Segment Start: Records for processing

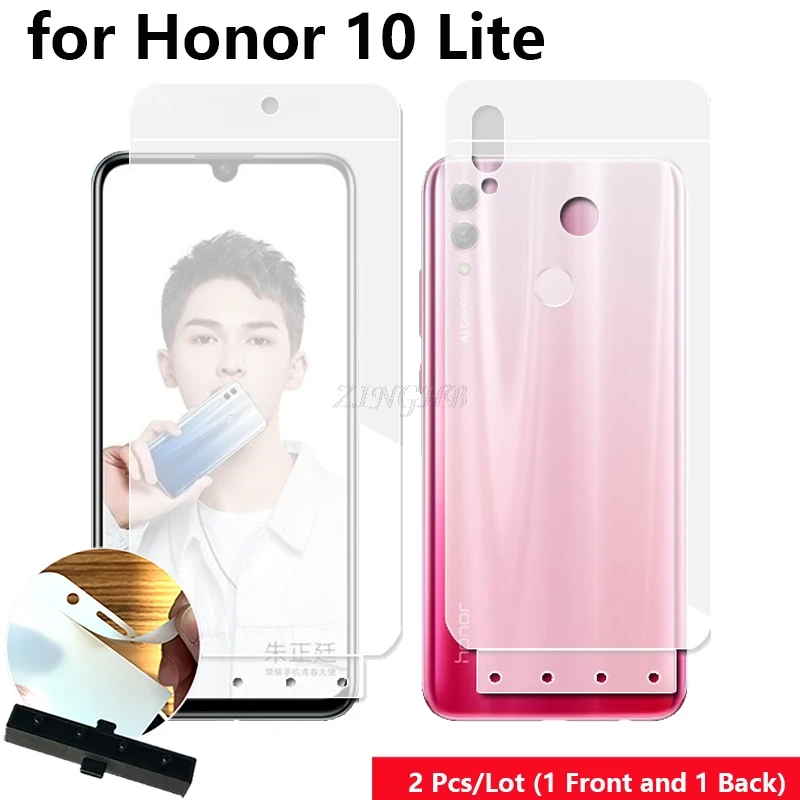 

2 Pcs Front & Back Smart Guide Tool Soft Film AUTO Fixed Hydrogel Film Full Body Screen Protector for Huawei Honor 10 Lite 6.21"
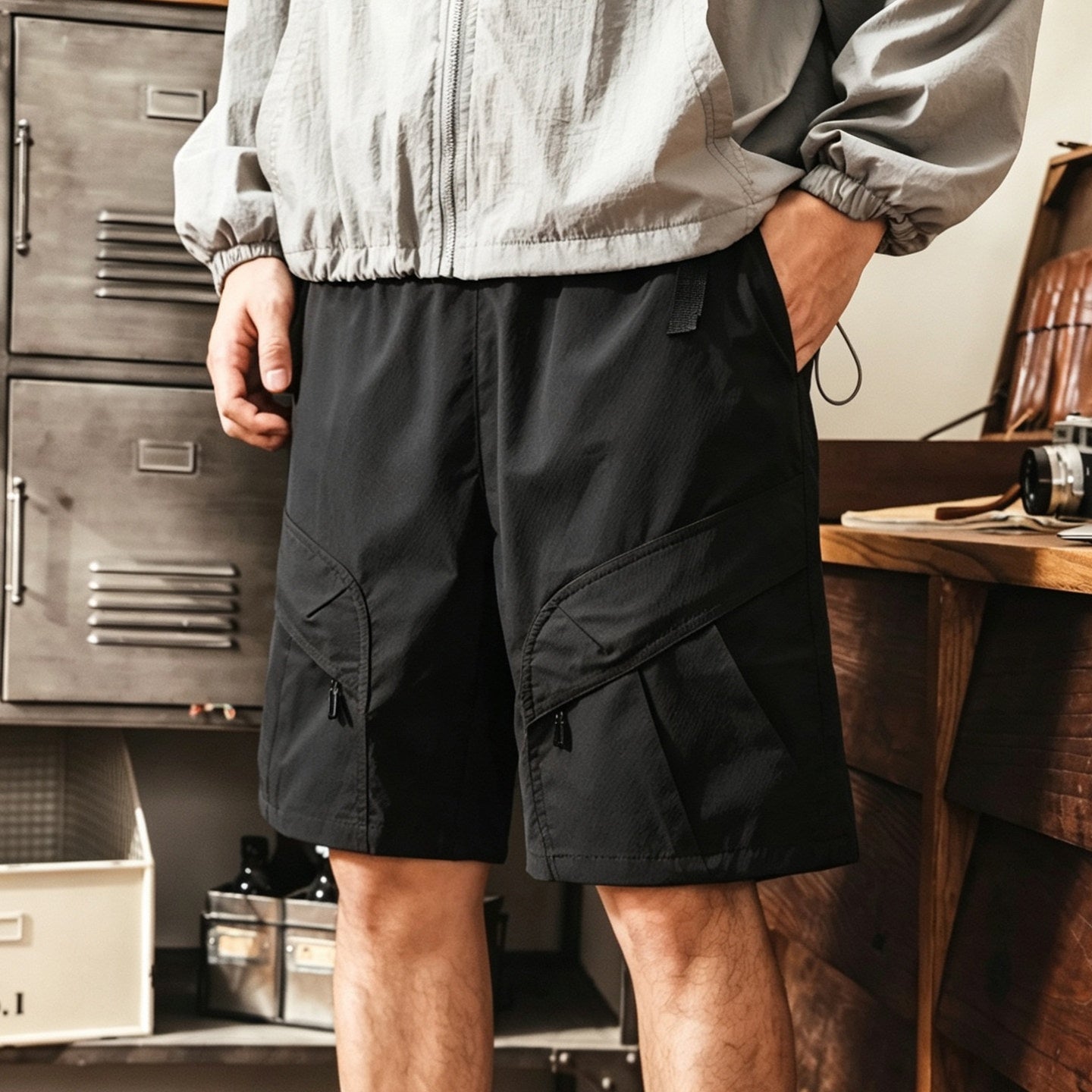 Quick Drying Outdoor Cargo Shorts in Black alt
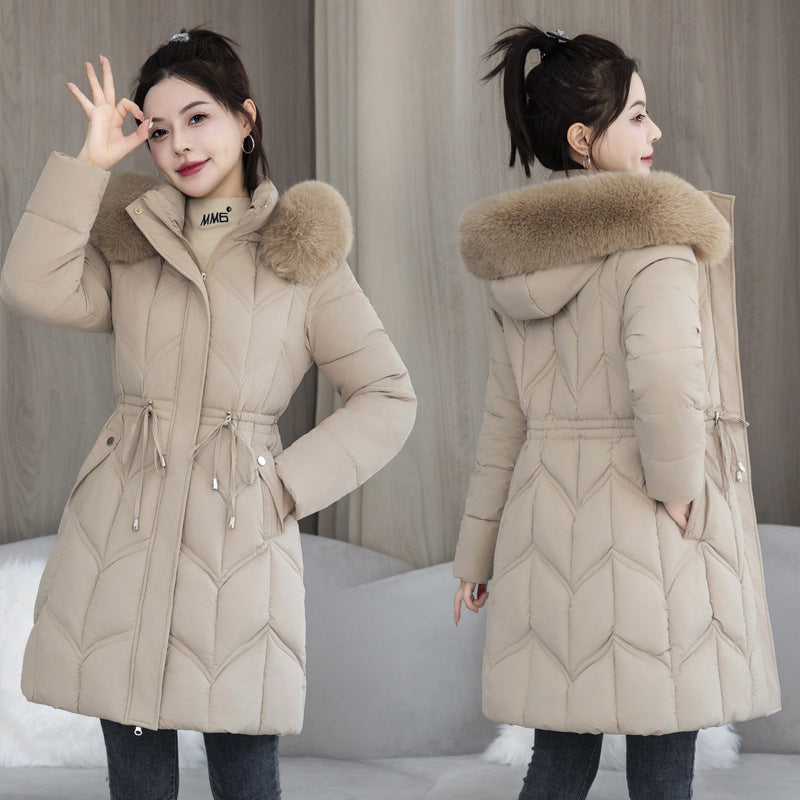 Large Fur Collar Coat Mid-length Thickened Cotton Jacket - SMSB 66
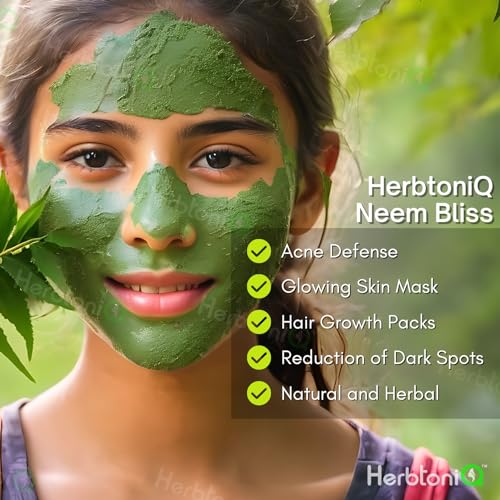 Image of HerbtoniQ Organic Neem Powder for Face Pack, Hair and Skin Care | 100% Pure, Natural, Herbal Neem Leaf Powder ideal for Pimples, Glowing Facepack, Hair Growth Mask | Unisex | (Azadirachta indica) Pack Of 2 (Total 300g)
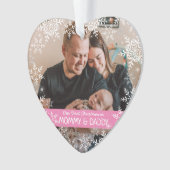 新しい両親の初めてのクリスマススノーフレークピンクの写真 オーナメント (正面)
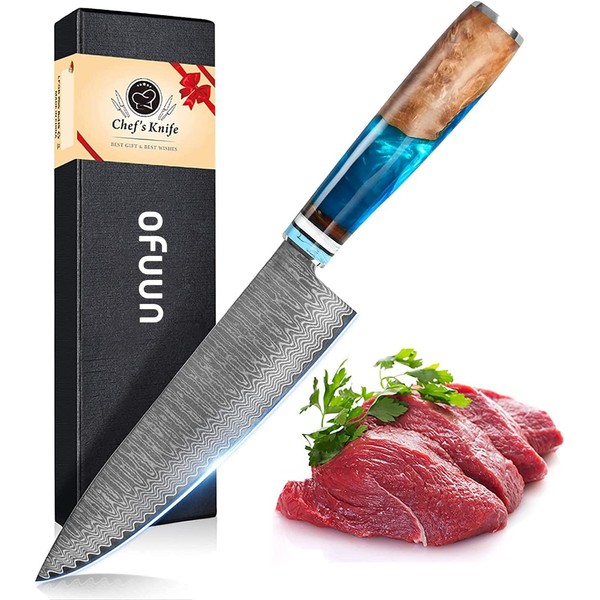 oFuun Chefs Knife 8", Professional 67 Layer Japanese VG10 Damascus Kitchen Knife, Ergonomic Blue Resin Handles, Ultra Sharp Asian Japanese Chef Knife with Gift Box
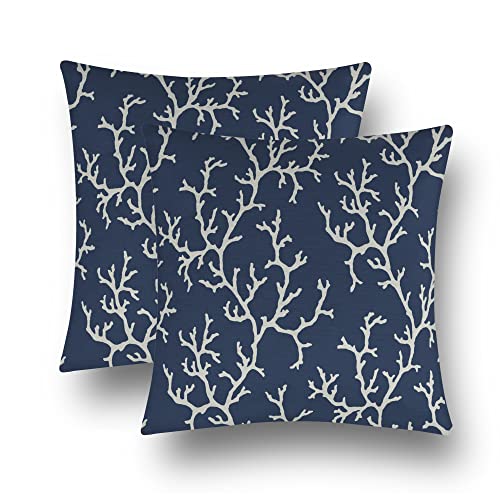 blue and coral throw pillows - Nautical Coastal Throw Pillow Covers Set of 2 Ocean Beach Themed Coral Branch Sofa Pillowcase Decorative Sea Life Couch Cushion Cover for Bedroom Living Room, 18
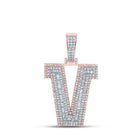 10kt Two - tone Gold Men's Baguette Diamond V Initial Charm Pendant - 2 Cttw - Splendid Jewellery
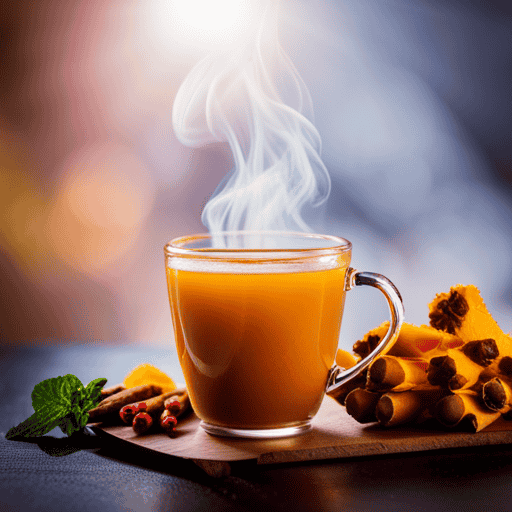 An image showcasing a steaming mug of golden turmeric herbal tea, surrounded by freshly grated ginger, cinnamon sticks, and a sprig of mint, evoking the vibrant flavors and soothing aroma of Zeodary Herbal Tea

Segment End: Records for processing

_Your assignment_: Exact copy, no pictures: return the entries word for word.

_Task result_:
2 Pcs Front & Back Smart Guide Tool Soft Film AUTO Fixed Hydrogel Film Full Body Screen Protector for Huawei Honor 10 Lite 6.21"
 Quick Drying Outdoor Cargo Shorts in Black alt
 Large Fur Collar Coat Mid-length Thickened Cotton Jacket - SMSB 66
 Image of HerbtoniQ Organic Neem Powder for Face Pack, Hair and Skin Care | 100% Pure, Natural, Herbal Neem Leaf Powder ideal for Pimples, Glowing Facepack, Hair Growth Mask | Unisex | (Azadirachta indica) Pack Of 2 (Total 300g)
 新しい両親の初めてのクリスマススノーフレークピンクの写真 オーナメント (正面)
 oFuun Chefs Knife 8", Professional 67 Layer Japanese VG10 Damascus Kitchen Knife, Ergonomic Blue Resin Handles, Ultra Sharp Asian Japanese Chef Knife with Gift Box
 blue and coral throw pillows - Nautical Coastal Throw Pillow Covers Set of 2 Ocean Beach Themed Coral Branch Sofa Pillowcase Decorative Sea Life Couch Cushion Cover for Bedroom Living Room, 18
 10kt Two - tone Gold Men's Baguette Diamond V Initial Charm Pendant - 2 Cttw - Splendid Jewellery
 An image showcasing a steaming mug of golden turmeric herbal tea, surrounded by freshly grated ginger, cinnamon sticks, and a sprig of mint, evoking the vibrant flavors and soothing aroma of Zeodary Herbal Tea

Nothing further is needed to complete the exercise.